Cette évolution ne signifie pas un renoncement aux principes. Elle traduit plutôt une tentative de maintenir un équilibre entre défense de l’ordre constitutionnel et préservation des intérêts régionaux.
Une rupture qui redessine la région
Face à la CEDEAO, les États de l’AES poursuivent leur trajectoire. La mise en place de structures militaires communes, les projets monétaires ou encore les retraits d’organisations internationales témoignent d’une volonté d’autonomie assumée.
Ce repositionnement dépasse le cadre diplomatique. Il s’agit d’une recomposition stratégique, dans laquelle les autorités sahéliennes cherchent à redéfinir leurs alliances et leurs marges de manœuvre.
Des enjeux économiques et humains immédiats
Derrière les discussions, les implications concrètes sont déjà visibles. Les incertitudes autour des échanges commerciaux préoccupent les acteurs économiques de toute la région. Les chaînes d’approvisionnement, en particulier pour les pays sahéliens, restent étroitement liées aux infrastructures portuaires du Golfe de Guinée.

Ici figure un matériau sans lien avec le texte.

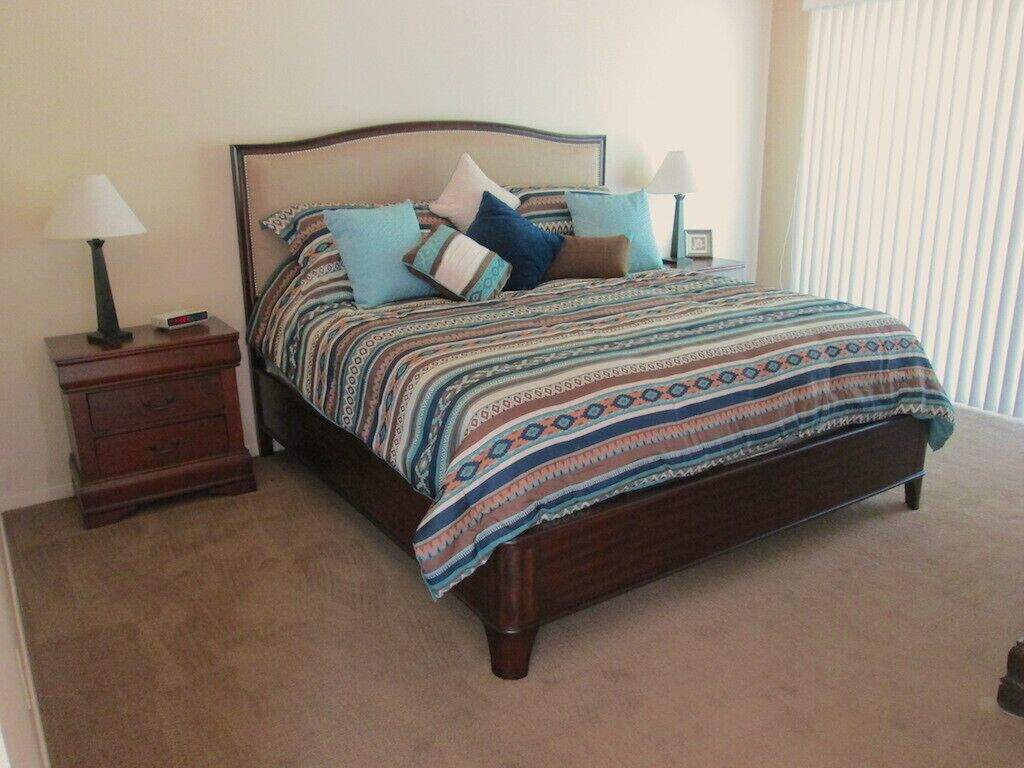 A bedroom with a wooden bed, patterned bedspread, two bedside tables with lamps, and a nightstand with a clock.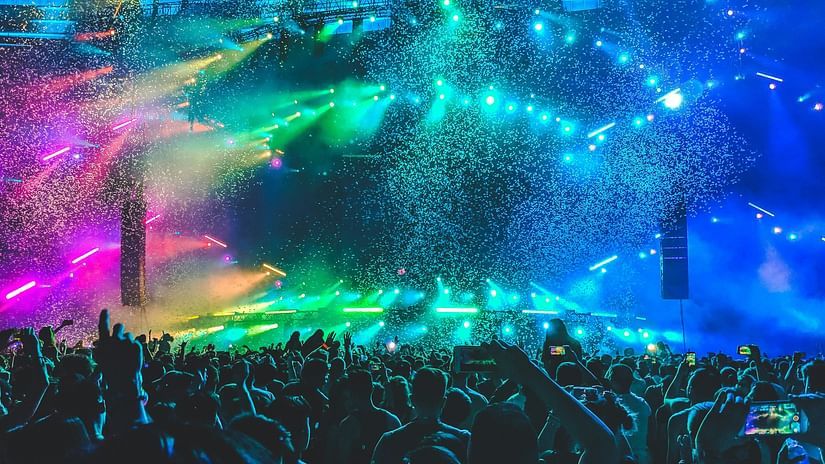 Concert night, pink, yellow,blue and green lights lighting up the stage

À cela s’ajoute la question des populations. Des millions de ressortissants des pays de l’AES vivent dans les États côtiers. Leur statut et leurs conditions de circulation pourraient être affectés en cas de rupture définitive.
La sécurité, enjeu central et partagé
La dimension sécuritaire reste le point le plus sensible. La progression des groupes armés vers les zones frontalières du sud oblige à maintenir une coordination, même minimale, entre les États.
Sans cadre formel, cette coopération devient fragile. Or, la stabilité des pays du Golfe de Guinée dépend en partie de la capacité à contenir les dynamiques violentes issues du Sahel.
Une négociation sous contrainte politique
La mission du négociateur s’annonce étroite. Les États sahéliens ont fait de leur retrait un marqueur politique fort, difficile à infléchir sans concessions majeures. De son côté, la CEDEAO ne peut se permettre une fragmentation durable de son espace.
Dans cet entre-deux, Abidjan tente d’ouvrir des voies de discussion. Une diplomatie discrète, où chaque geste compte, mais où les marges de manœuvre restent limitées par des choix politiques déjà assumés de part et d’autre.